И хотя терпения потребовалось меньше, чем он предполагал, и это удивило, и даже как будто разочаровало его слегка, но все же первое время она поддерживала в нем то чувство уважения, которое умела вызывать во всех, кто ее знал, но какое он, Виктор Алексеевич, очень редко чувствовал по отношению к другим своим многочисленным любовницам. А теперь она не только не вызывала уже в нем этого невольного уважения к себе, но, напротив, делаясь ему все противнее и скучнее, падала в его глазах ниже всех своих предшественниц. Почти ни с одною из них он не обращался так резко и грубо, как позволял себе с ней. Порой это даже забавляло его; он как будто специально старался узнать, до чего может дойти ее терпение и его власть над ней, и невольно удивлялся неистощимости и того, и другого. Но чем терпеливее была она, тем противнее становилась ему. Он мысленно сравнивал ее с Гальской, завладевшей им в последнее время, и как та казалась ему каким-то острым пикантным блюдом, приятно разжигающим его аппетит, так Марья Сергеевна вызывала в нем почти отвращение, как опротивевшее кушанье. Иногда он приезжал внезапно и заставал ее неодетою, непричесанною, с желтым лицом, в старом капоте и невольно удивлялся ее, как ему казалось, старческому виду. В тридцать три года ей можно было дать лет двадцать семь – двадцать восемь, в тридцать же пять она выглядела на сорок. Она совершенно перестала заниматься своею внешностью и туалетом и, вся поглощенная вознею с Колей, чувствовала себя гораздо лучше и свободнее в старом фланелевом капоте, к которому она так привыкла, что ей даже жаль было расстаться с ним. Постепенно она теряла вкус и почти разучилась одеваться к лицу, изящно и красиво, как умела прежде. Иногда же, когда в ней вдруг снова просыпалось желание быть интересною и красивою только для того, конечно, чтобы нравиться ему, она одевалась во что-нибудь нарядное, светлое, розовое или голубое, что должно было, как ей казалось, делать ее моложе, но что давно уже перестало идти ей. Ему же в этих костюмах она казалась еще старее, непривлекательнее и смешнее. Сама она не замечала, что стареет, опускается и дурнеет, и только иногда, взглянув на себя в зеркало попристальнее, поражалась, увидев, как серебрится на виске прядь ее черных волос и какие глубокие и частые морщины проступают на лбу и в углах рта.
Тогда она удивлялась с горечью и испугом.
Отчего ж это?
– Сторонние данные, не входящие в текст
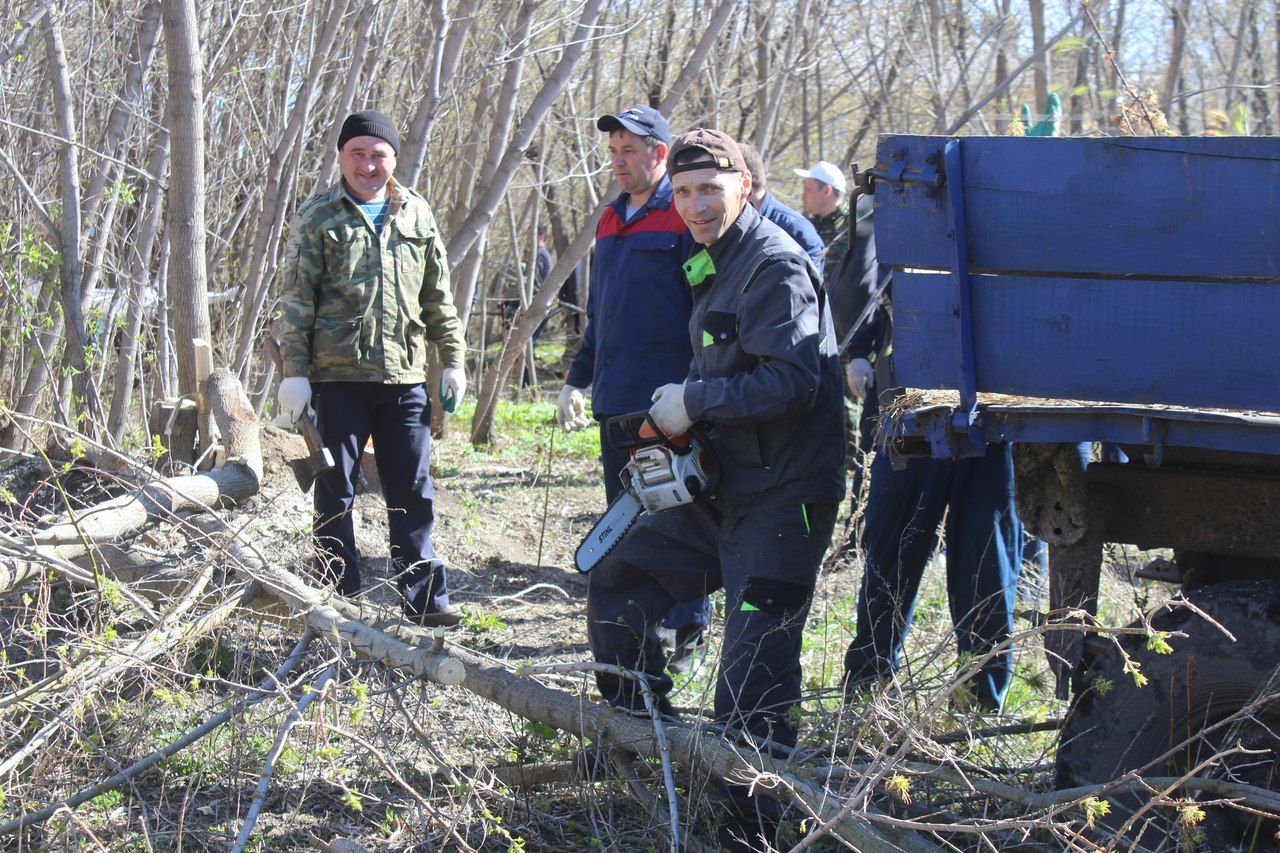 Дрожжановцы  убрались в овраге в центре района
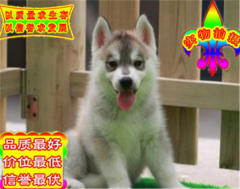 犬舍直销精品三火蓝眼哈士奇犬疫苗齐全 包纯种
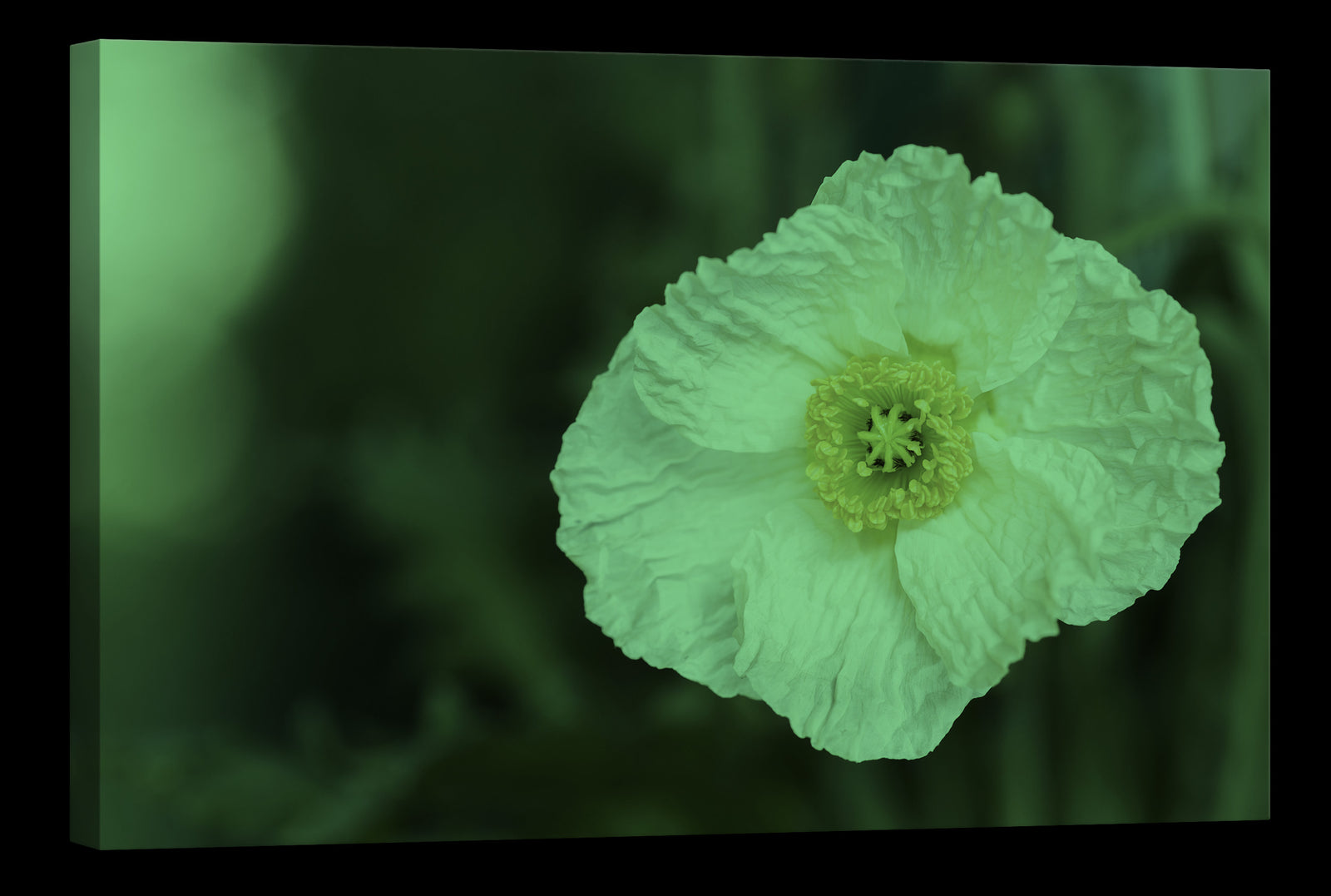 Flowers No. 058, glowing at night
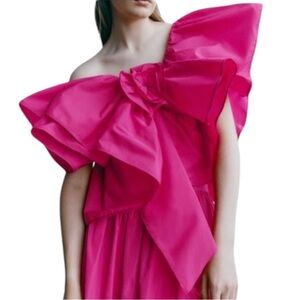 NWT Zara Fuschia Pink Voluminous Asymmetric One Shoulder Ruffled Crop Top - M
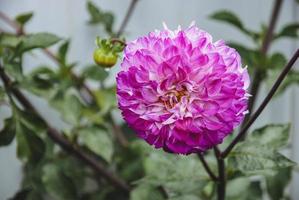 Pink dahlia flower in the autumn garden closeup photo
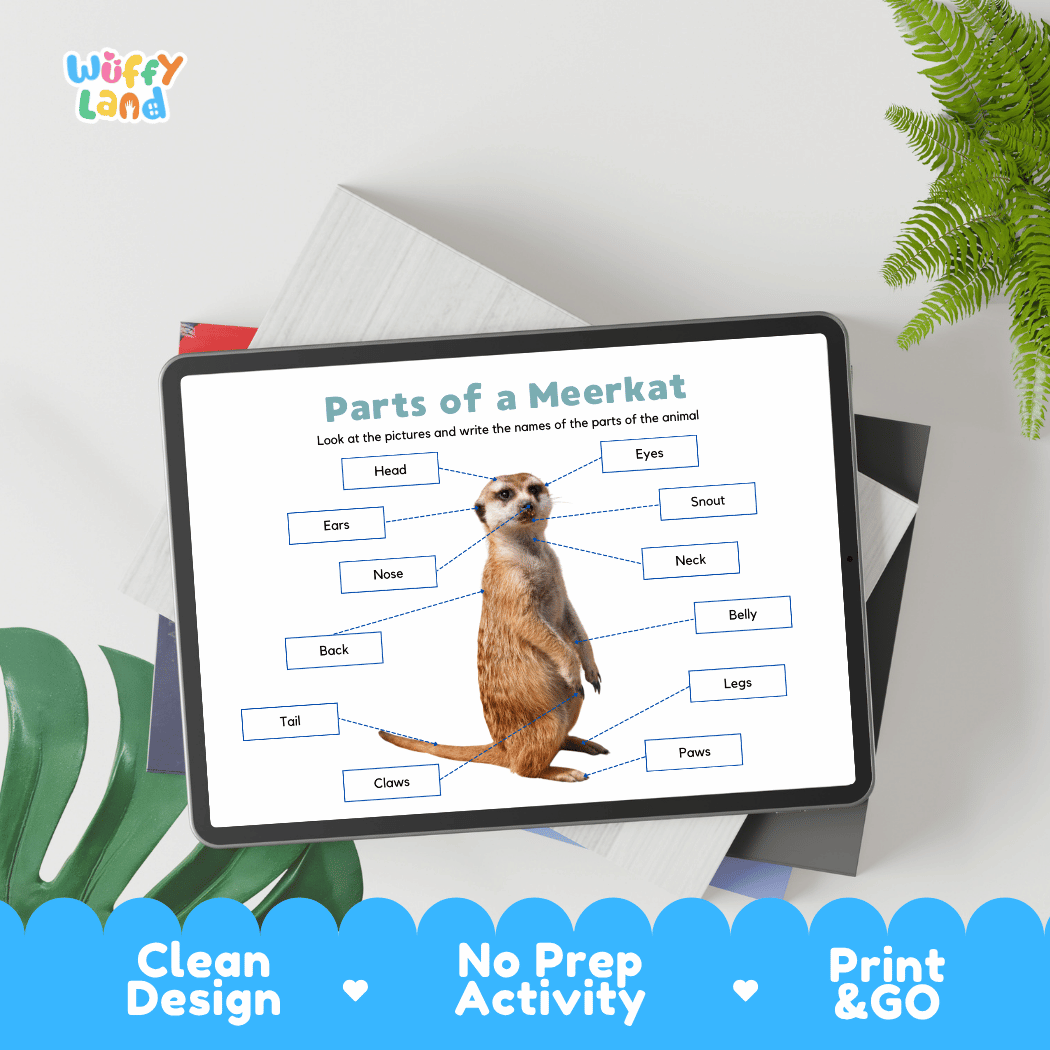 Differentiated meerkat body parts labeling worksheets featuring fill-in write-in boxes and vocabulary word bank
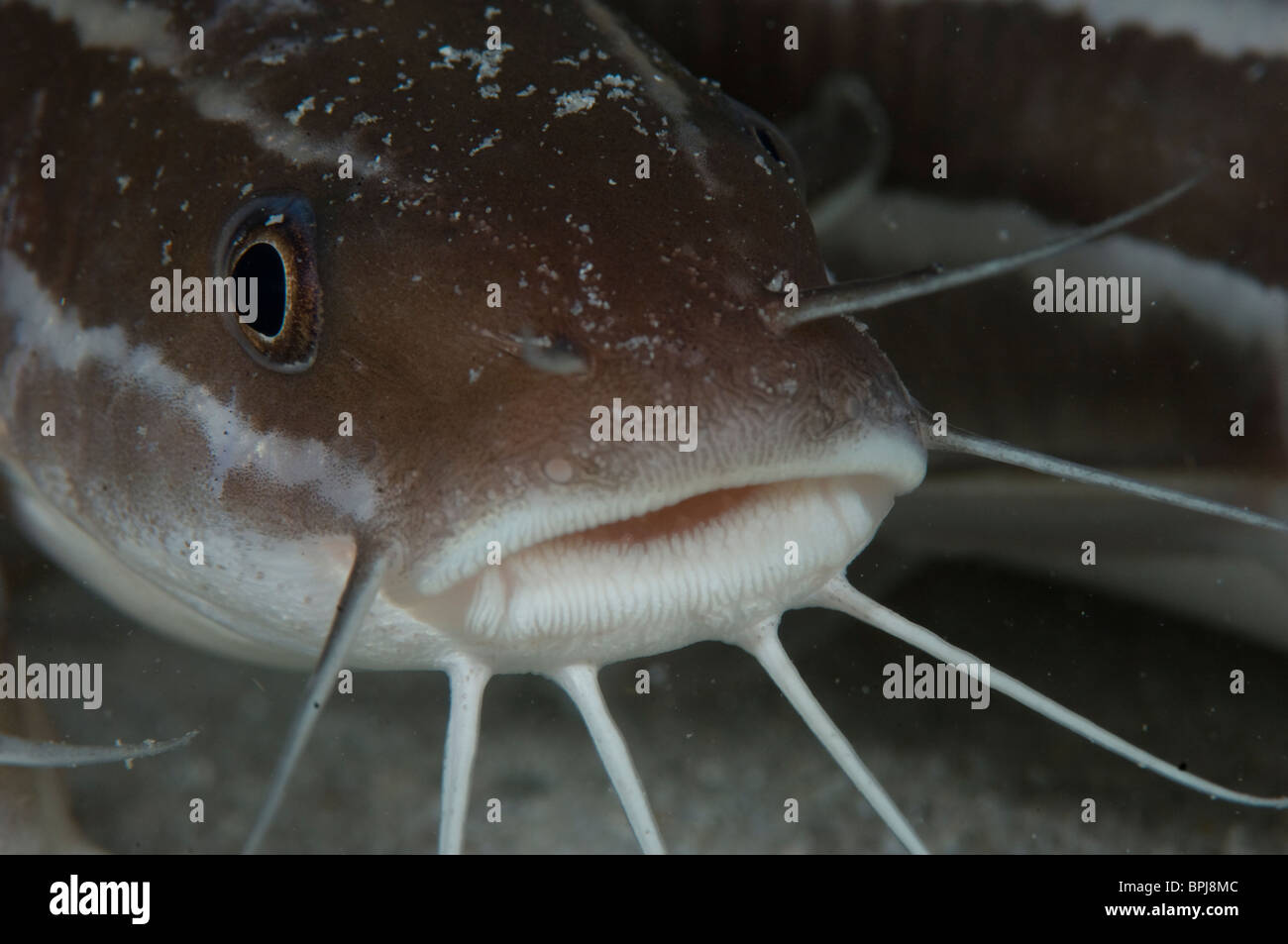 Pesce Gatto striato, Plotosus lineatus, Dimakya Island, Coron, PALAWAN FILIPPINE. Foto Stock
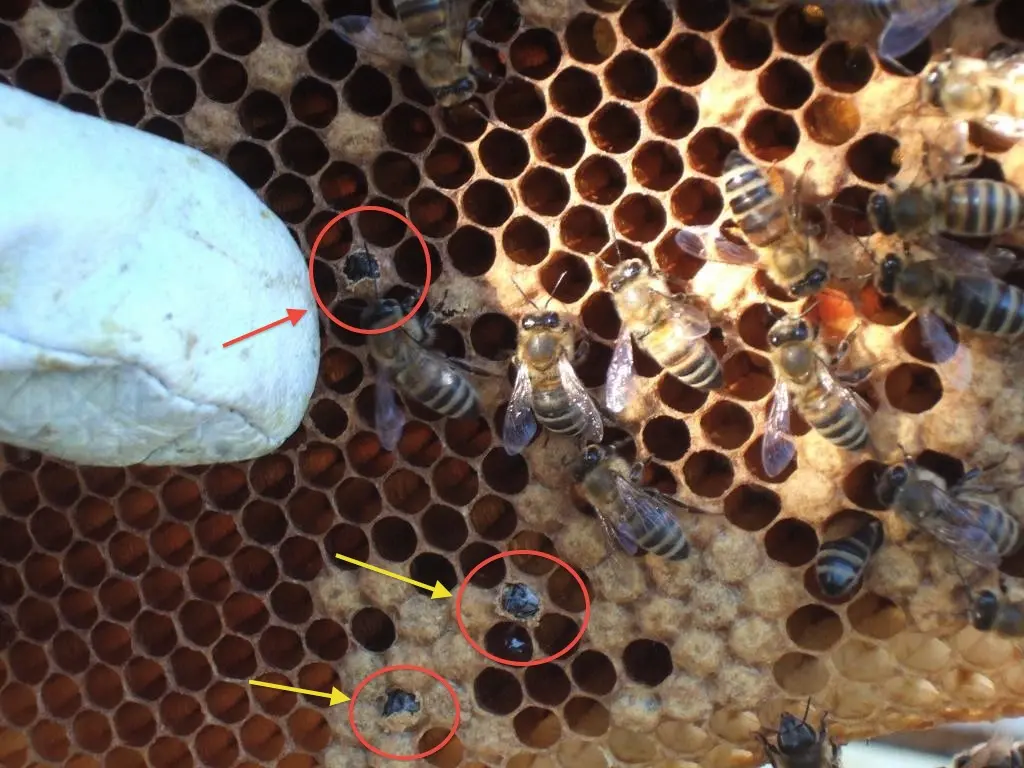 bienen geburt - Wann werden Bienen geboren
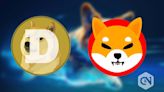 Doge vs. ADA One survives bear market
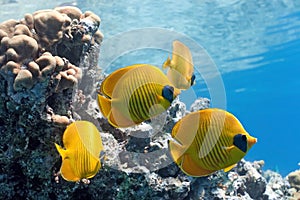Shoal of butterfly fish on the reef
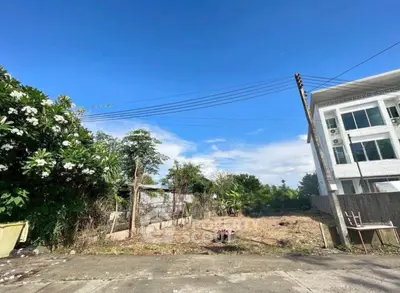 image_rental-31501788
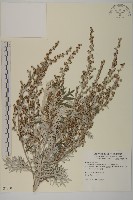 藏品(太魯閣艾)的圖片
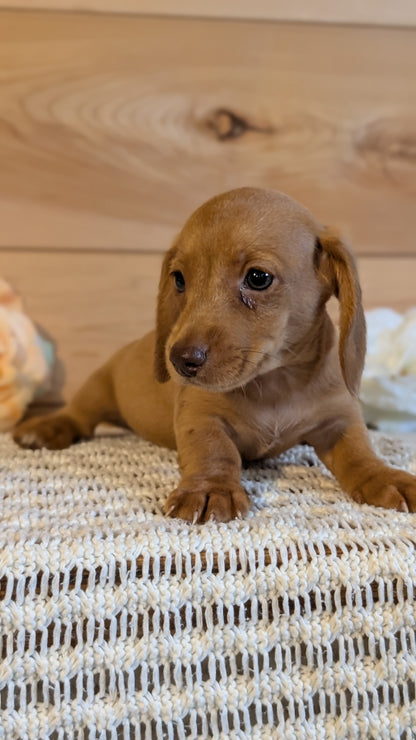 MINI DACHSHUND (JUL 30) 4 MALES/1 FEMALE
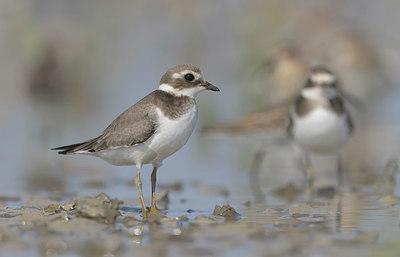 BUITEN BEELD Foto: 385648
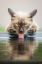 котэ, язык, вода, взляд
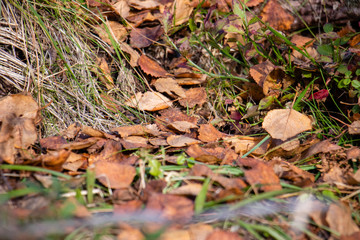 leaves on the ground 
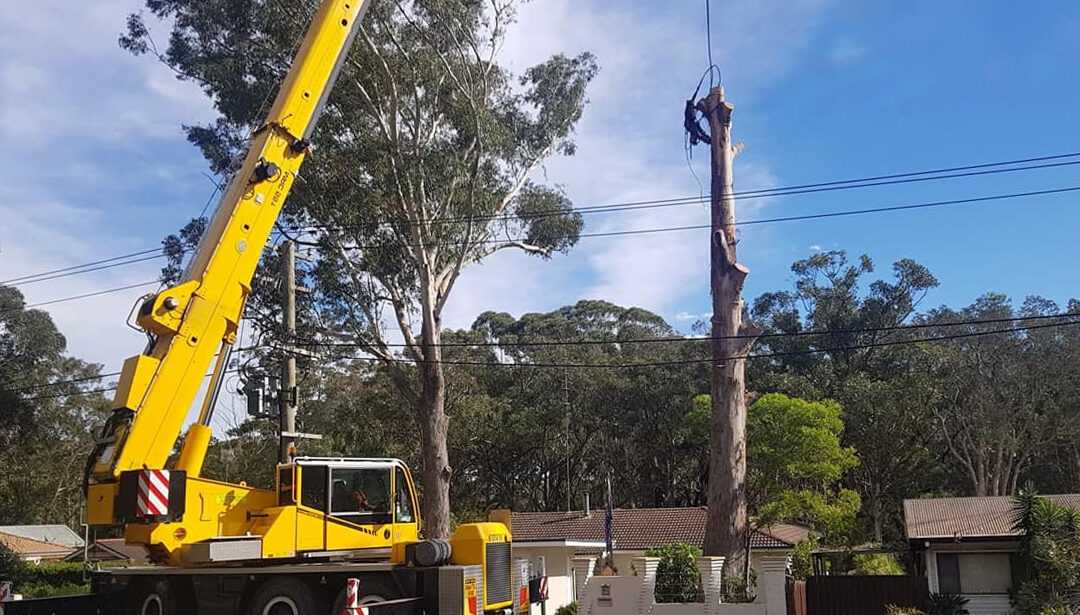 Crane Tree Service Benefits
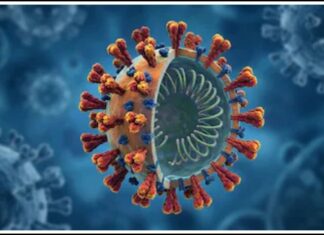 કોરોનાનો નવો વેરિયન્ટ આવ્યો સામે, 23 દેશોમાં નોંધાયા કેસ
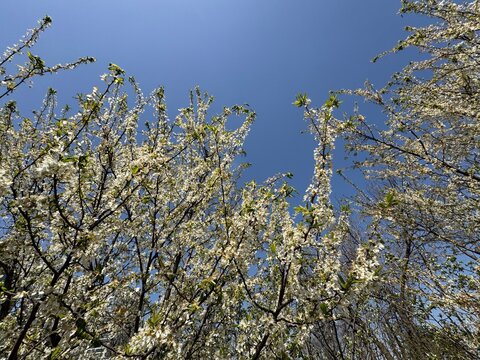 Low-angle view of Prunus Americana slender branches covered in dense white blossoms stretching towards a clear, deep blue sky. The image captures the profuse flowering in early spring.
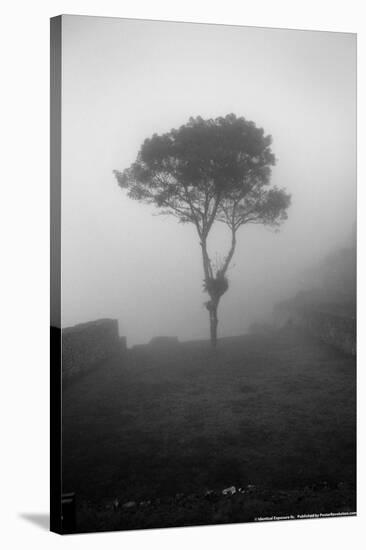 Lone Tree Macchu Picchu Peru-null-Stretched Canvas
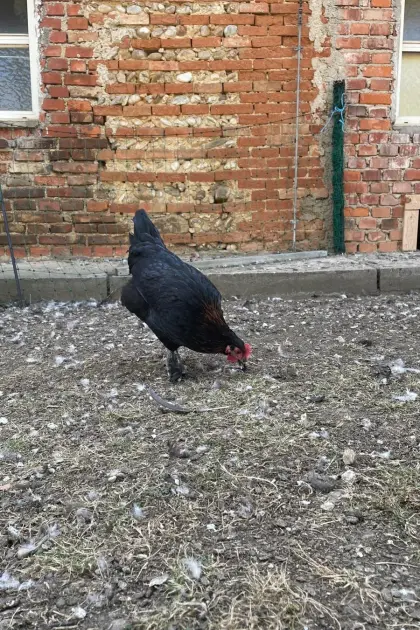 Marans-Hennen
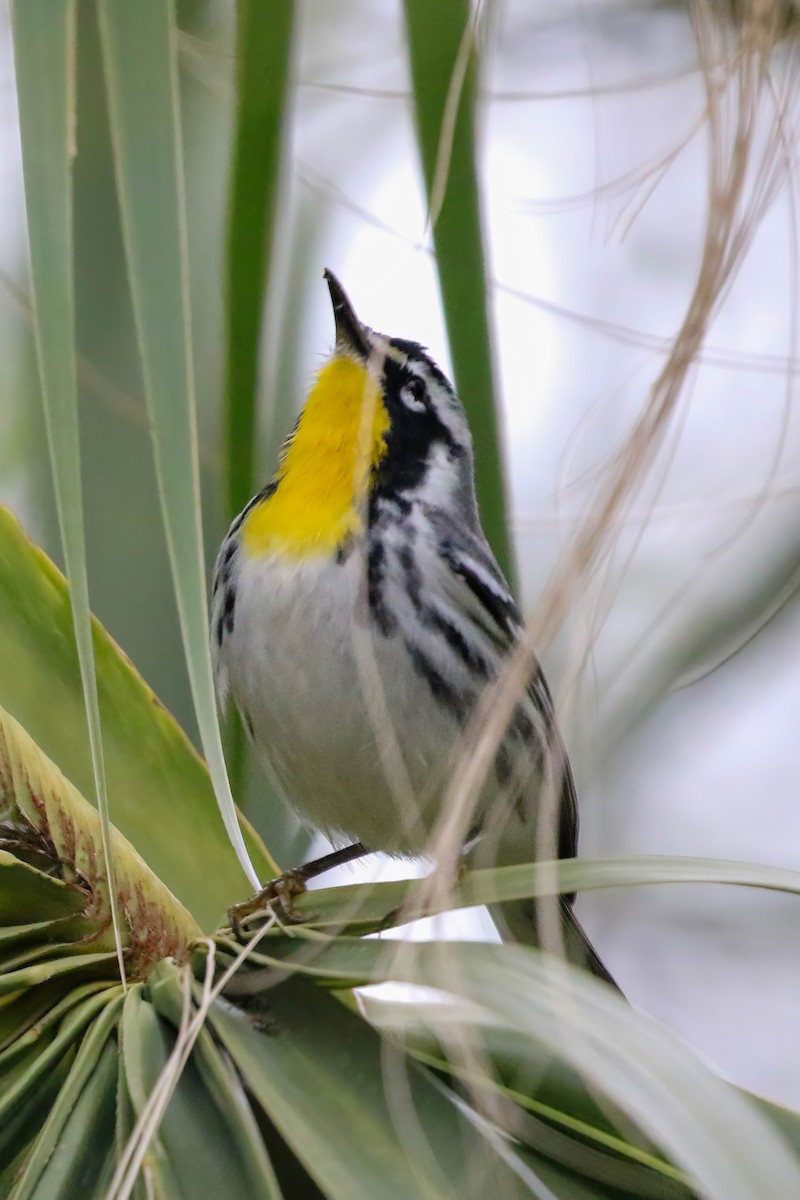 Paruline à gorge jaune - ML647451837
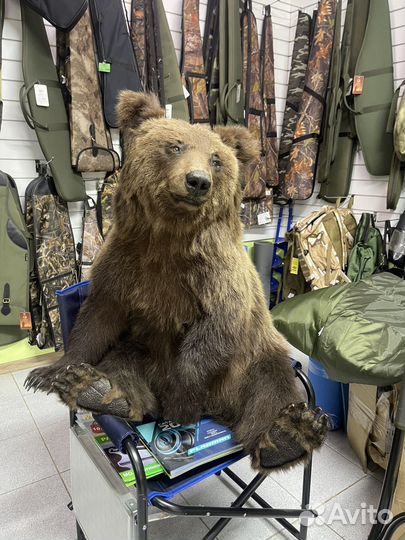 Чучело медведя(имитация)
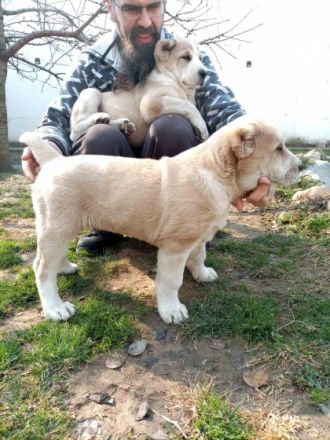 Hundezucht „Ivan Jelic“ seit über 10 Jahren mit Liebe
Неужели… Неужели пора? Ведь ей нет еще и тридцати пяти лет. И с тоскливою тревогой она всматривалась в лица окружающих ее людей, как бы желая узнать, изменились ли и они тоже. Но лица Вабельского и Фени казались точно такими же, как были и два года назад; одна Наташа очень переменилась за это время и казалась уже не девочкой, а девушкой. И Марья Сергеевна старалась успокоить себя, ей так не хотелось еще стариться!
«Глупости, – утешала она себя, – просто я больна, оттого и подурнела немножко, но это пройдет, вот поправлюсь и пройдет все». Никто не изменился, значит, не изменилась и она. Она тревожно взглядывала на свой большой портрет, снятый около двух лет назад, и прелестное лицо, смотревшее с него, успокаивало и утешало ее.